Eventually the old man broke the silence.

"You asked about the Broken Circle."

The traveler glanced toward him.

The old man kept walking.

Eyes fixed on the road.

As though speaking directly to the traveler felt unnecessary.

"I don't know what it is."

A pause.

"I only know what people feared."

Wind moved through distant grasslands.

The traveler listened.

The old man's voice lowered.

"Ancient archives mention it."

Another pause.

"Then those archives stop existing."

The traveler said nothing.

The old man continued.

"I spent years searching for records."

His expression darkened.

"Most references ended the same way."

"How?"

The traveler finally spoke.

The old man looked ahead.

"Missing pages."

A pause.

"Destroyed books."

Another.

"Dead historians."

Silence settled between them.

The traveler listened carefully.

The old man exhaled slowly.

"The strangest part wasn't the deaths."

His voice became quieter.

"It was the survivors."

The traveler turned slightly.

The old man met his gaze.

"They could never explain what they were studying."

A chill passed through the air.

The old man looked away.

"As if the answers had been removed."

The road stretched onward.

Empty.

Quiet.

Then he spoke again.

"There are stories."

The traveler waited.

The old man's expression tightened.

"Villages forgetting years."

"Cities forgetting rulers."

"Entire bloodlines disappearing from records."

The wind died.

"People called them myths."

A faint smile appeared.

Humorless.

"They always call them myths first."

The traveler looked west.

Toward the horizon.

Toward the direction the Anchor demanded.

Then—

something appeared in the distance.

A village.

Small.

Quiet.

Resting beside rolling hills.

The old man stopped speaking.

His eyes narrowed.

The traveler noticed.

"Something wrong?"

The old man stared.

Longer than necessary.

Then nodded slowly.

"There should be smoke."

The traveler looked again.

The village sat peacefully beneath the afternoon sky.
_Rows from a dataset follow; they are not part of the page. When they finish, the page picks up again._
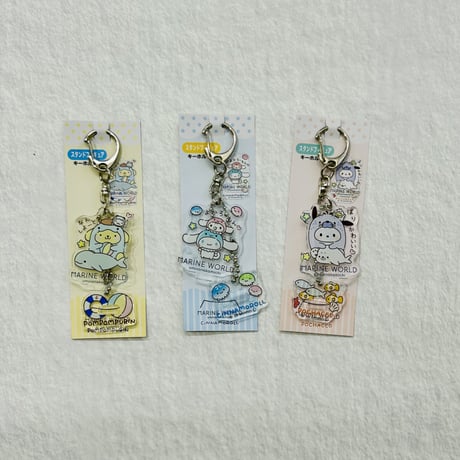 【マリンワールド×シナモロール】アクリルスタンドキーホルダー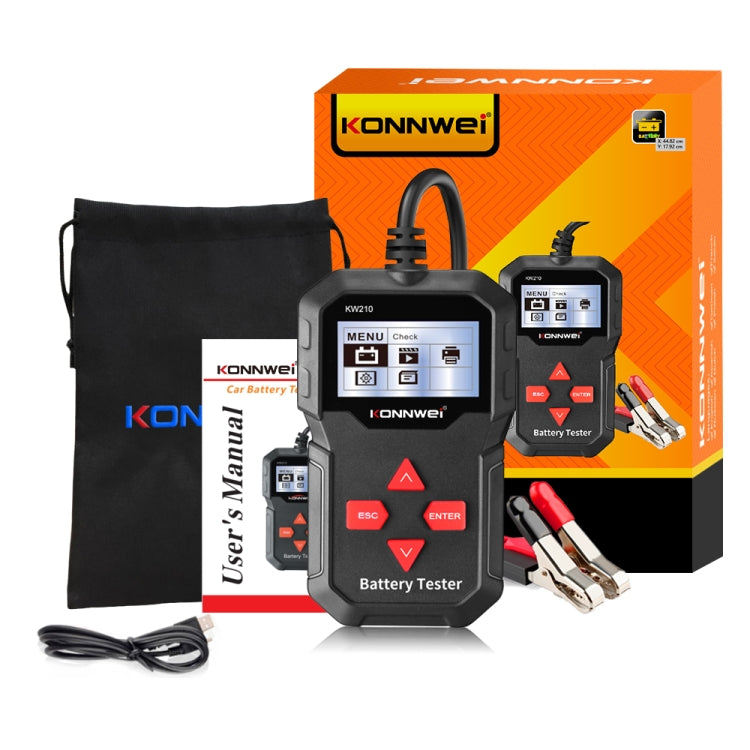 KONNWEI KW210 Car Battery Test Battery Capacity Resistance Battery Detector - Code Readers & Scan Tools by KONNWEI | Online Shopping UK | buy2fix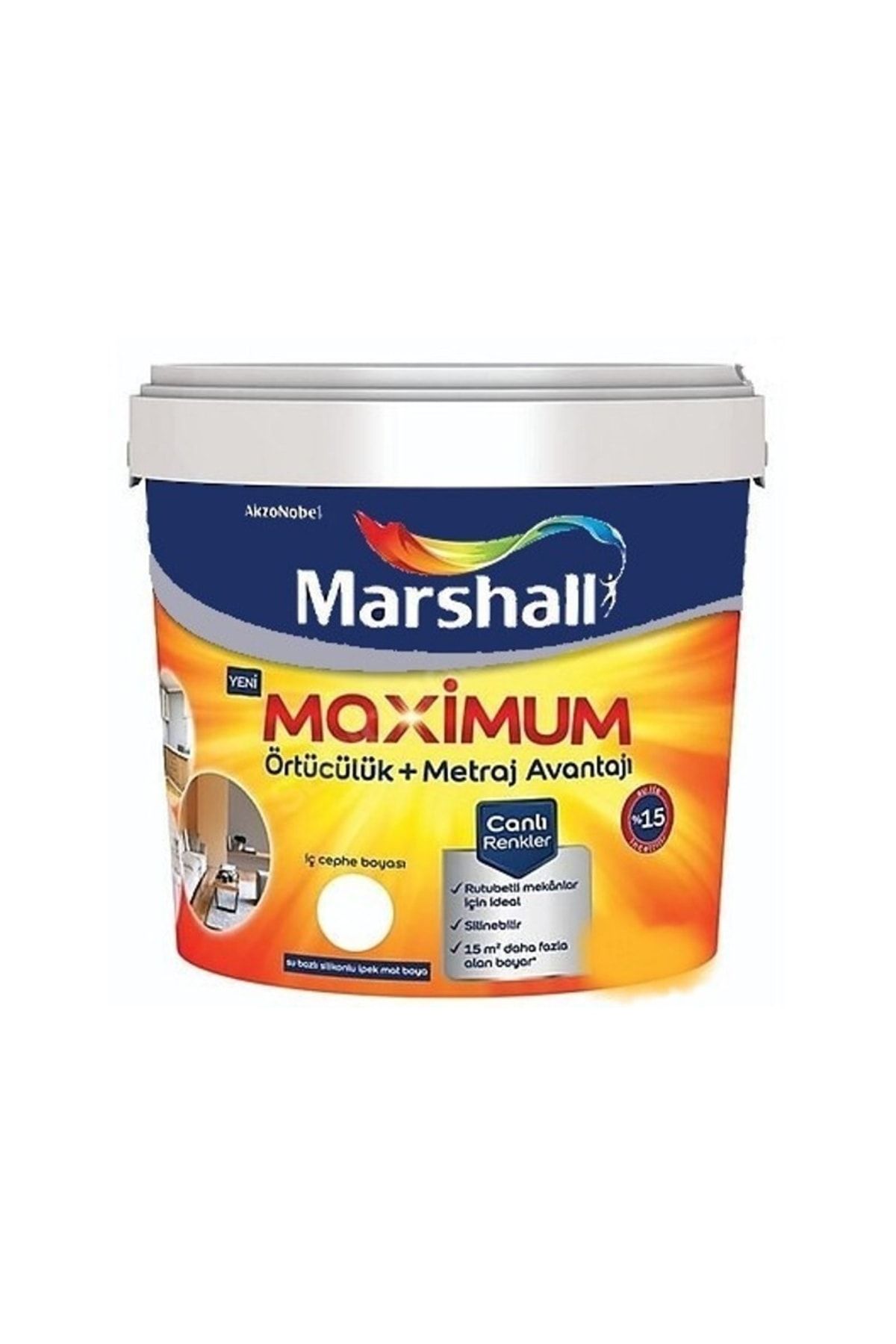 Marshall Maximum Silikonlu Ipek Mat Boya (ŞİFON)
But the old man was right.

No cooking fires.

No chimney smoke.

Nothing.

Yet people moved through the streets.

They were alive.

Active.

Working.

The sight should have felt normal.

Instead—

it felt incomplete.

The two continued forward.

As they approached, unease settled over the road.

Not danger.

Wrongness.

Subtle.

Persistent.

The traveler noticed it immediately.

The old man noticed it too.

Neither spoke.

Eventually they reached the village gate.

A guard stood nearby.

Young.

Healthy.

Alert.

The old man approached.

"Good afternoon."

The guard nodded politely.

"Good afternoon."

Normal.

Completely normal.

The old man smiled.

"What day is it?"

The guard answered immediately.

"The twenty-sixth."

The old man nodded.

Then asked:

"And yesterday?"

The guard blinked.

Confusion crossed his face.

Not alarm.

Confusion.

"...Yesterday?"

The old man waited.

The guard frowned.

Thinking.

Trying.

Seconds passed.

Then longer.

The confusion deepened.

Finally—

the guard shook his head.

"I don't remember."

The traveler became still.

The old man's expression darkened.

The guard laughed awkwardly.

"Strange."

Then he looked genuinely puzzled.

"Actually..."

His smile faded.

"...I really don't remember."

The old man exchanged a glance with the traveler.

Neither spoke.

The guard rubbed his forehead.

Trying again.

Failing again.

Then—

something worse happened.

He stopped trying.

The concern simply vanished.

As though the missing memory wasn't important.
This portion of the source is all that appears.